A impressão que se tem ao assistir a tais coberturas jornalísticas – geralmente
televisivas – é que o ocorrido foi um “acidente” ou “uma tragédia”, ou pior,
“uma fatalidade”, que não puderam ser evitados. As reais causas não são
analisadas e informações são (premeditadamente) omitidas e aqueles que poderiam
– ou deveriam – evitar o acontecido, muitas vezes não são sequer mencionados.
Provavelmente
a ideia que se quer transmitir ao público é que tudo foi uma “fatalidade”, um
grande “acidente”, o que causou a “tragédia”. Os causadores ou culpados ficam
cobertos por uma cortina de fumaça. A informação superficial, não analisa o
fato em profundidade e não aponta os responsáveis que poderiam ter evitado o
ocorrido – a polícia, o departamento de trânsito, serviços sociais, empresas
envolvidas, órgãos fiscalizadores, técnicos responsáveis, a justiça, altos
executivos de empresas, juízes, etc.
As
origens de tal procedimento provavelmente encontram-se no período ditatorial,
quando notícias “negativas”, que pudessem causar comoção social, não eram
tratadas em detalhes, quando muito veiculadas. Esta forma de cobrir
jornalisticamente os fatos, sem apontar-lhes as causas, os prováveis
causadores, seja por ação ou omissão, propicia um clima de impunidade e não
permite que a sociedade possa aprender com tais acidentes e implantar práticas
que possam evita-los no futuro.
Diferente
de outras culturas que procuram tratar tais fatos de maneira científica,
identificando causas, fatores relevantes e culpados a fim de prevenir novas
ocorrências, tais acontecimentos ainda são abordados quase como se fossem
acontecimentos misteriosos ou sobrenaturais – o que muito interessa e beneficia
os reais responsáveis por tais ocorrências.
Ainda
é grande a diferença entre o jornalismo televisivo praticado por muitos
veículos no Brasil e o que ocorre em outros lugares, principalmente a Europa.
Lembro-me de ter visto a ação de um repórter do jornal Guardian, preparando uma
matéria para inserção televisiva.
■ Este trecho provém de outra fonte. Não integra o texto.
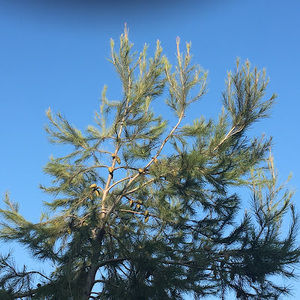 Meet your Posher, Nico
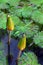 Free Dragonfly On Water Lily Stock Image - 5814711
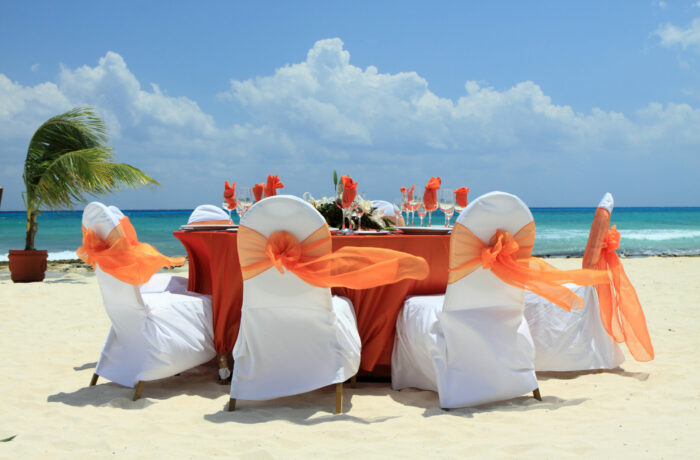 In at metus aliquet, gravida nunc eget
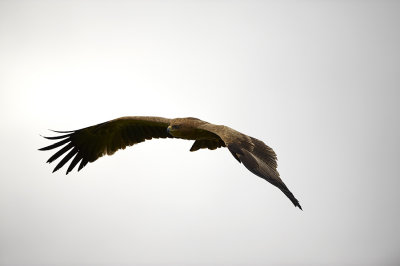 Indian Tawny Eagle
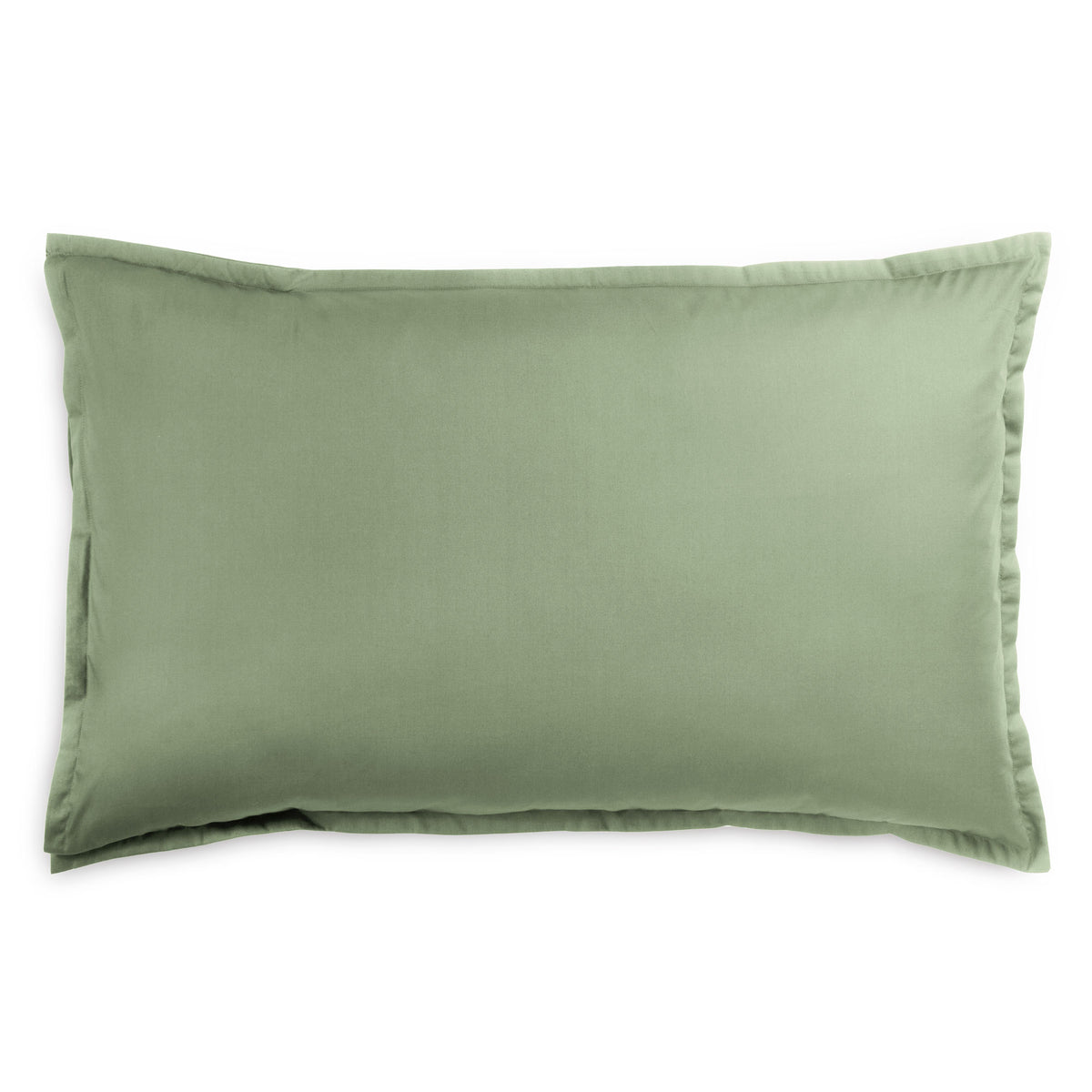 POPUP - Coppia di Federe Percalle 200TC Eterno Letto Moreali Tessile Casa 50 x 80 cm Verde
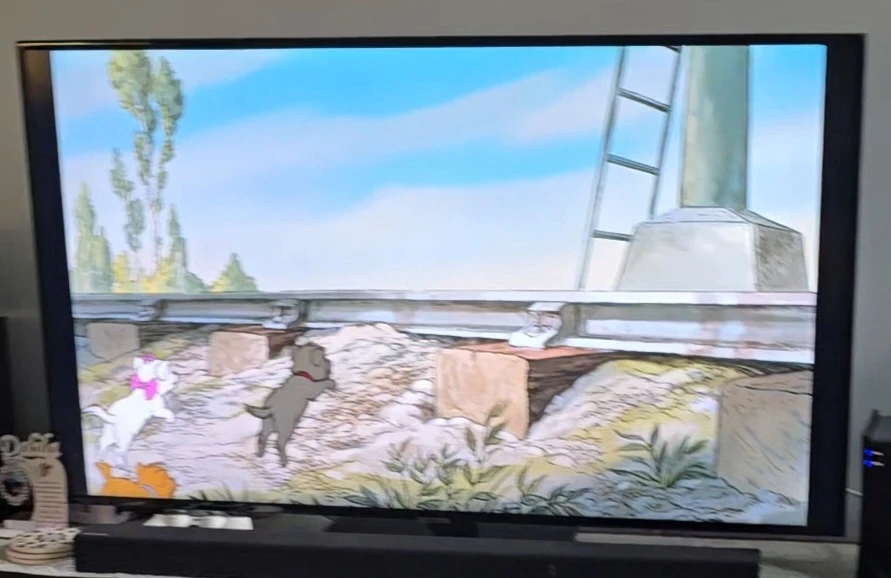 Samsung 55 inch Smart TV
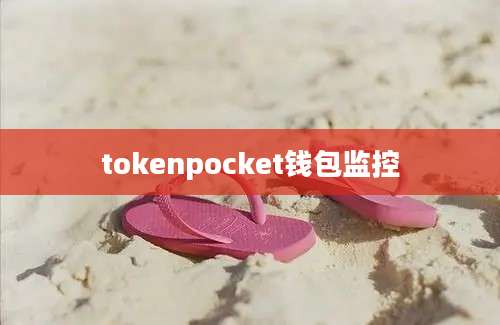 tokenpocket钱包监控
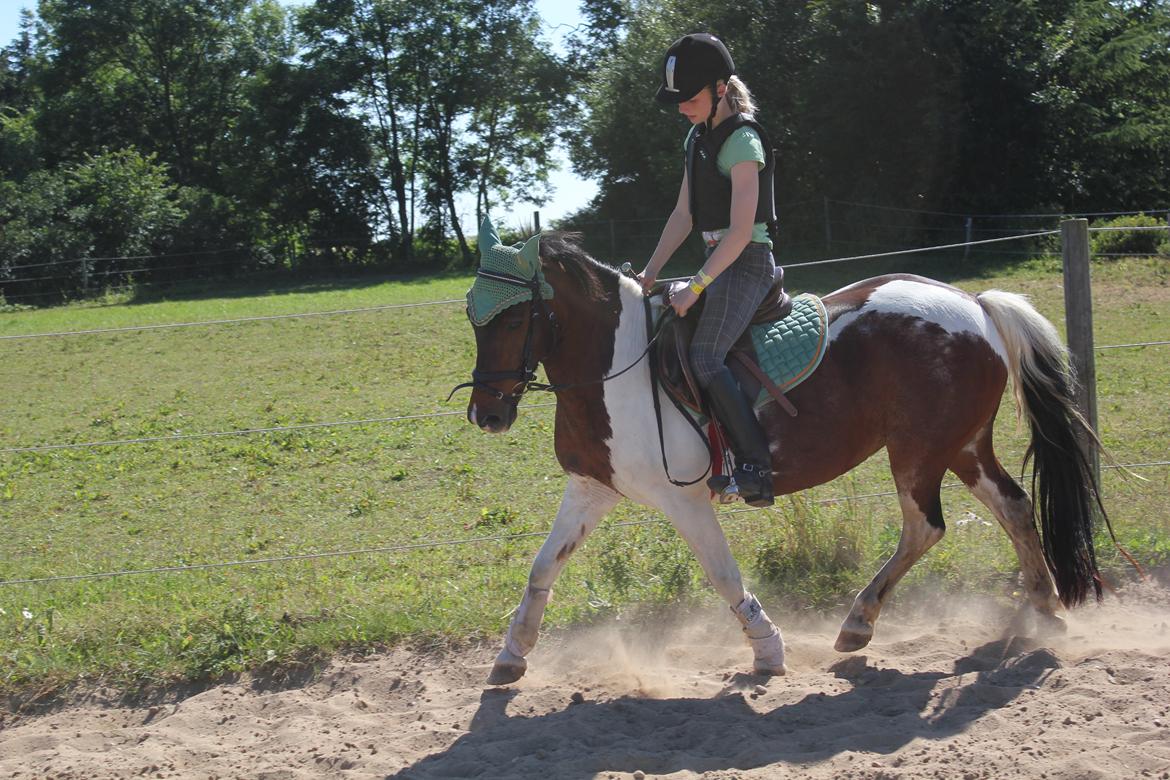 Pinto Tulli  billede 6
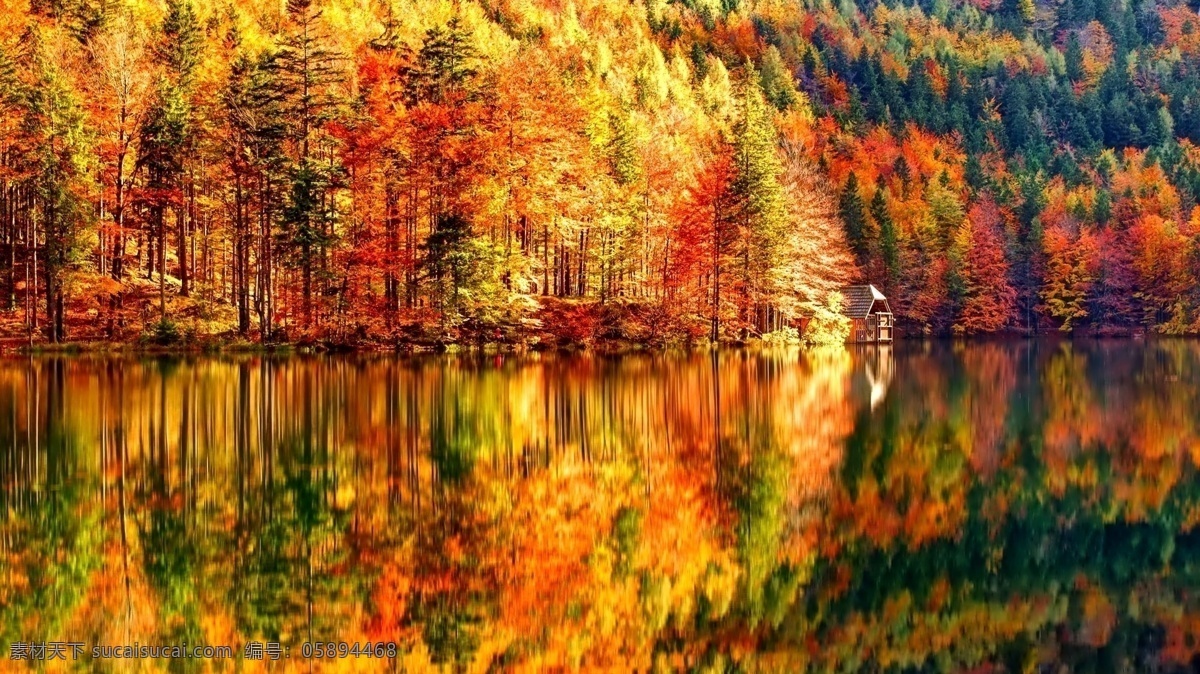 秋景倒影 秋天 树叶 秋景 湖水 倒影 自然景观 自然风景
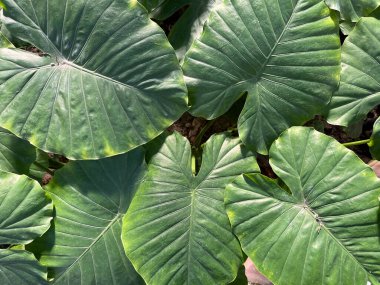 Tropikal bir bitkinin ayrıntıları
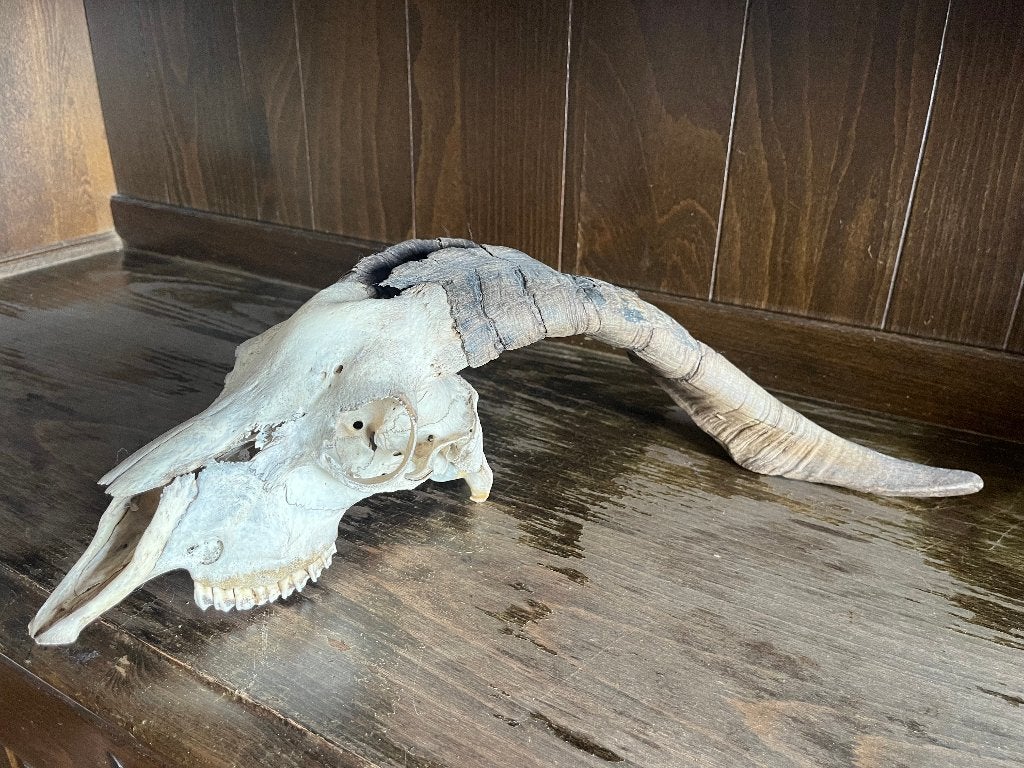 Schedel Ram / Schaap, Ophalen of Verzenden, Zo goed als nieuw, Wild dier, Schedel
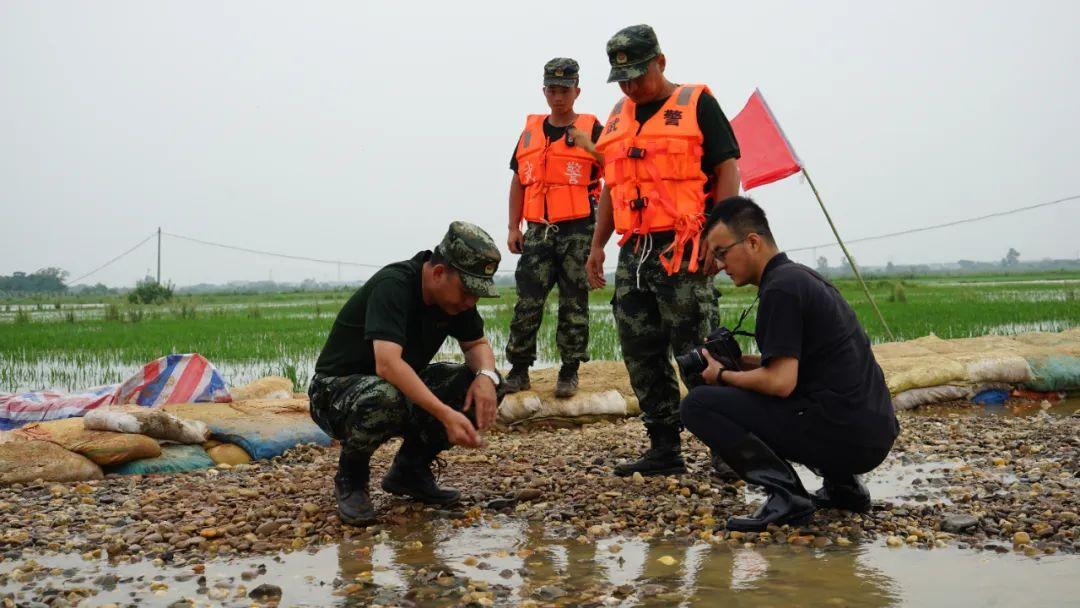 永修最新聞，背景探尋與時(shí)代地位的重要事件回顧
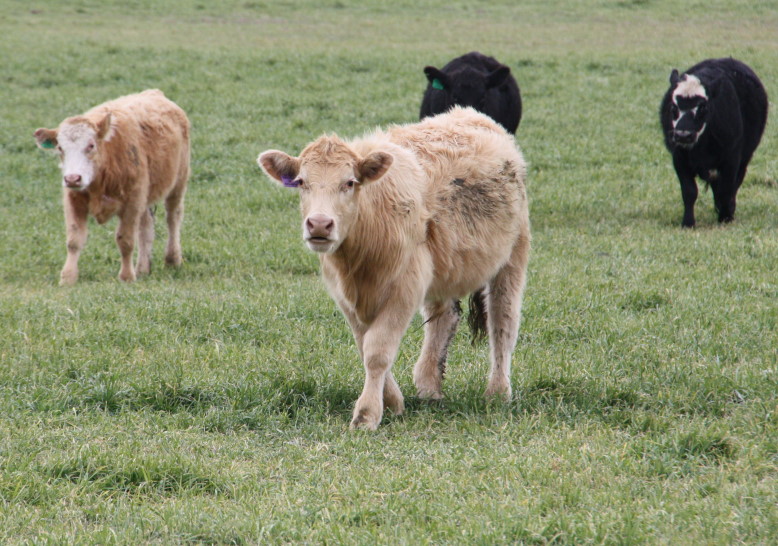 Using Wheat Pasture as a Winter Supplement for Cows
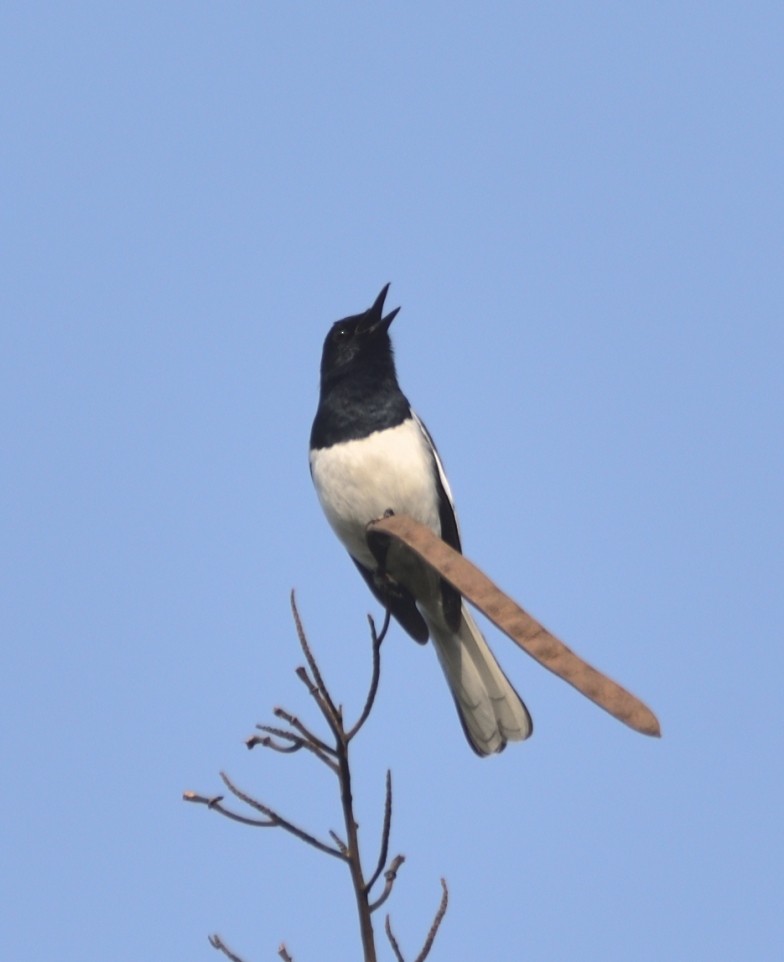 Oriental Magpie-Robin - ML633346566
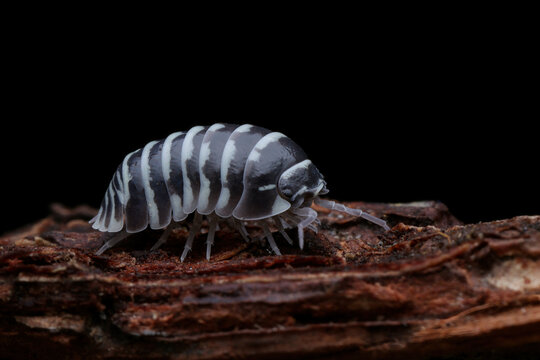 Zebra isopod "Armadillidium maculatum" closeup, Zebra isopod closeup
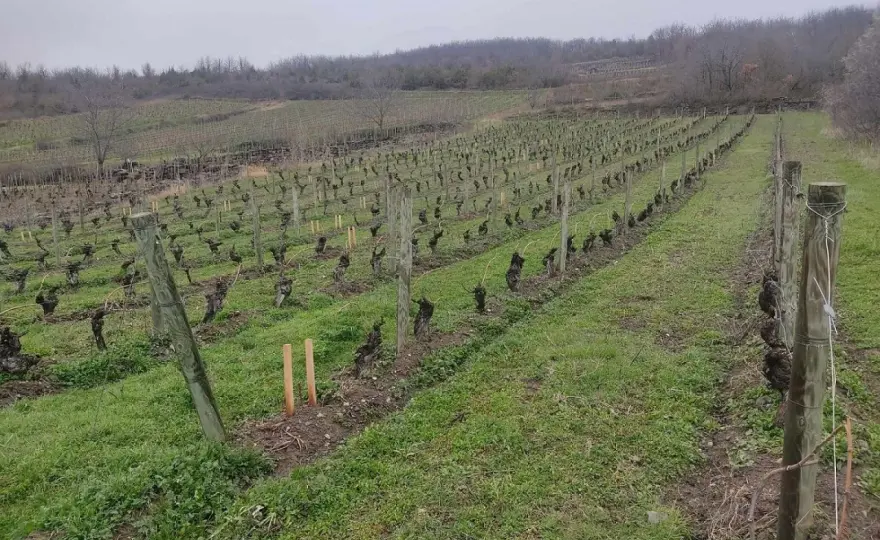 Accords mets et vins Henri Chauvet - Le guide parfait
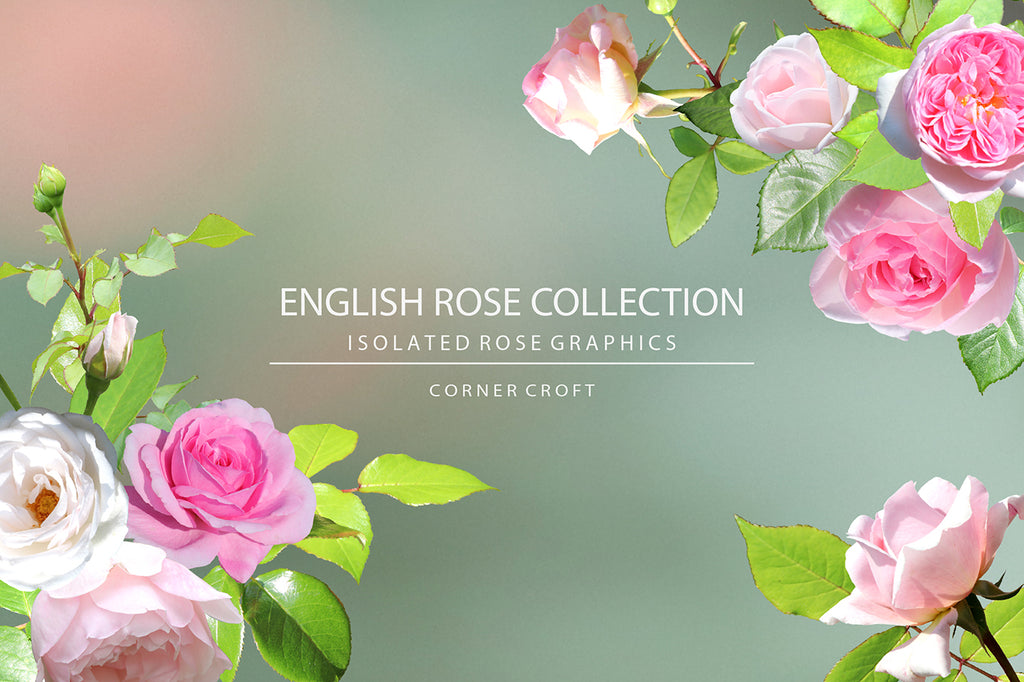 Rose bundle, rose collection, English rose collection, isolated rose, design objects, rose pattern, instant download 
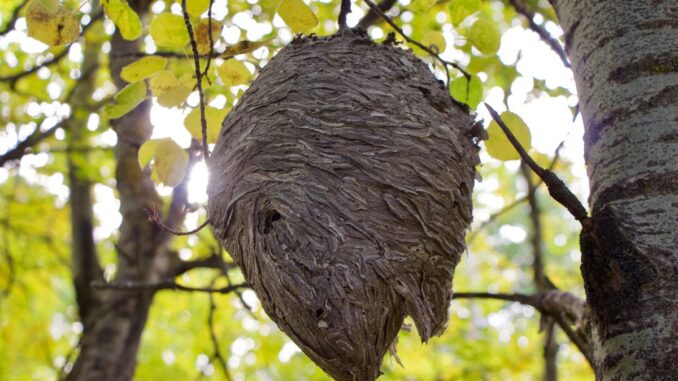 Nid de guêpe près des mirabelliers : faut-il s’inquiéter pour la récolte ?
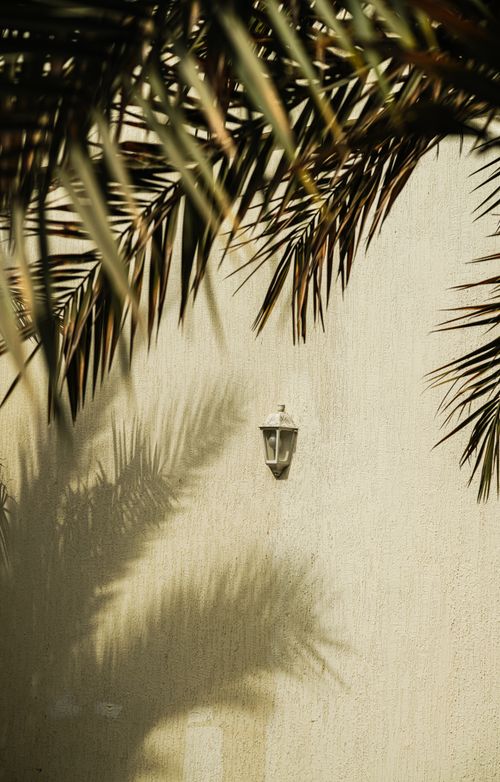 Free Palm fronds casting shadows on a beige wall under sunlight in Dubai. Stock Photo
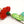 Laliblue : Plant Lover : Red carnation necklace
Sua entrevista seria com um dos grandes
executivos da Shell. A maneira como o jornalista colocava suas perguntas, fazia
lembrar uma luta de box, na qual o executivo estava encurralado no canto do
ringue. Enquanto isso, aqui no Brasil, entrevistas semelhantes são conduzidas
com todo cuidado, de maneira a não colocar o entrevistado em má situação.